CENPF promotes malignant progression of early-stage LUAD by facilitating the proliferation and stemness maintenance of cancer cells
Next, we explored the biological function of CENPF in early-stage LUAD. By GSEA of CENPF-associated genes (ranked in correlation coefficient order), we found that CENPF was positively correlated with malignant proliferative potential in LUAD tissues (9 datasets) (Fig. 2A) and individual LUAD cells (Fig. S2a: single-cell database, CancerSEA, http://biocc.hrbmu.edu.cn/CancerSEA/; Fig. S2b: LUAD cell lines, CCLE https://depmap.org/portal/). We also demonstrated a significant positive correlation between the gene expression of CENPF and the proliferative index Ki-67 (MKI67) in LUAD tissue (8 datasets) (Fig. S2c), as well as protein expression (LUAD tissue microarray) (Fig. S2d, e). Similarly, we also demonstrated significant positive association between CENPF and malignant proliferative potential both by GSEA of CENPF-associated genes (ranked in correlation coefficient order) (Fig. S2f: Hallmark; Fig. S2g: KEGG and the correlation with MKI67 expression (Fig. S2h) in stage IA LUAD (two large datasets, GSE72094, n = 150; TCGA-LUAD, n = 131). Besides, in different pathological stages evolving to stage IA (AIS-MIA-IAC), there was still a strong positive correlation between the expression of CENPF and MKI67 (Fig. S2I).

A Bioenrichment of CENPF expression in nine LUAD datasets by GSEA based on associated genes of CENPF (ranked in correlation coefficient order). B Plate colony formation images (left) and quantification data (right) for CENPF knockdown cell models of PC-9 (sh-NC/CENPF lentivirus). C Soft agar colony formation images (left) and quantification data (right) for CENPF knockdown cell models of PC-9. D Proliferative ability assessed by CCK-8 experiments for CENPF knockdown cell models of PC-9. E Tumorsphere formation images (left) and quantification data (right) for CENPF knockdown cell models of PC-9. F Images (left) and quantification data (right) of growth of PDOs for CENPF knockdown models (sh-NC/CENPF lentivirus). Tumors formation in LUAD-derived PDX models treated with sh-NC/CENPF lentivirus, images (G) and quantification data (H, tumor weight; I, tumor volume), n = 5 mice per group. Tumors formation in autochthonous mouse models of LUAD driven by EML4-ALK treated with AAV6-sh-NC/CENPF, images (J) and quantification data of tumors size (K), n = 6 mice per group. *P< 0.05; **P < 0.01; ***P < 0.001. N ≥ 3, Data are presented as mean ± SD. The boxplots indicate median (center), 25th and 75th percentiles (bounds of box), and 2.5th and 97.5th percentiles (whiskers). One-way ANOVA with Dunnett’s t test for multiple comparisons test (B, C, E). Multi-way ANOVA with Tukey’s multiple comparisons test (D, F). Wilcoxon rank-sum test (H, I, K). CENPF centromere protein F, LUAD lung adenocarcinoma, GSEA gene set enrichment analysis, NC negative control, PDO patient-derived organoid, PDX patient-derived xenograft, EML4-ALK echinoderm microtubule-associated protein-like 4 and anaplastic lymphoma kinase, AAV6 Adeno-associated virus serotype 6.

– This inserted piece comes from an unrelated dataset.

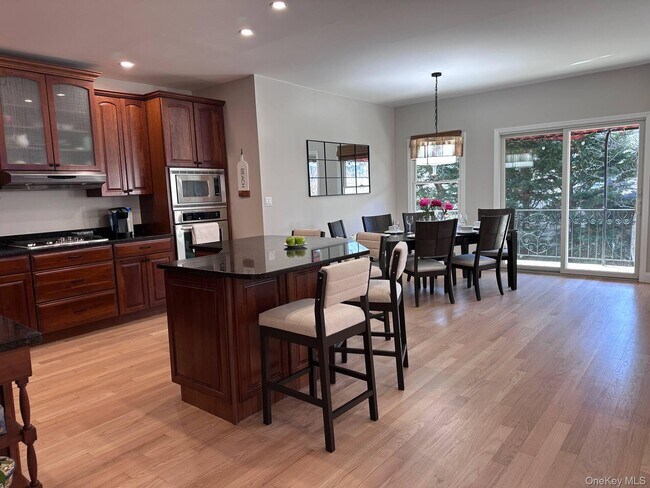 Building Photo - 322 E Beech St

Then, we investigated the biological function of CENPF in vitro and in vivo. In two cell lines by recombinant lentivirus infection (Fig. 2, Fig. S3: PC-9; Fig. S4: HCC827), CENPF knockdown (Figs. S3a–c and S4a–c) significantly reduced cell cloning ability (Figs. 2B and S4d: plate colony; Figs. 2C and S4e: soft agar colony), cell proliferation (Fig. 2D and S4f: CCK-8 experiments; Figs. S3d and S4g: detection of the cell proliferation indices Ki-67 and proliferating cell nuclear antigen (PCN(A)), cell cycle progression (Figs. S3g and S4j: cell cycle analysis; Figs. S3f and S4k: detection of the cell cycle checkpoints), stemness maintenance (Figs. 2E and S4h: tumoursphere formation; Figs. S3e and S4i: detection of markers for stem cells). PDO are pivotal models for cancer research, as they mimic the histological and stereochemical structural features of the original tumor [55]. We established an organoid model of early-stage LUAD (stage IA), which maintained histological features and morphology consistent with the original lesion (Fig. S3I). By lentivirus RNA interference technology, we established CENPF-KD model of organoids (Fig. S3h). We found that in the CENPF-KD group, the organoid increased significantly slower than that in the control group (Fig. 2F).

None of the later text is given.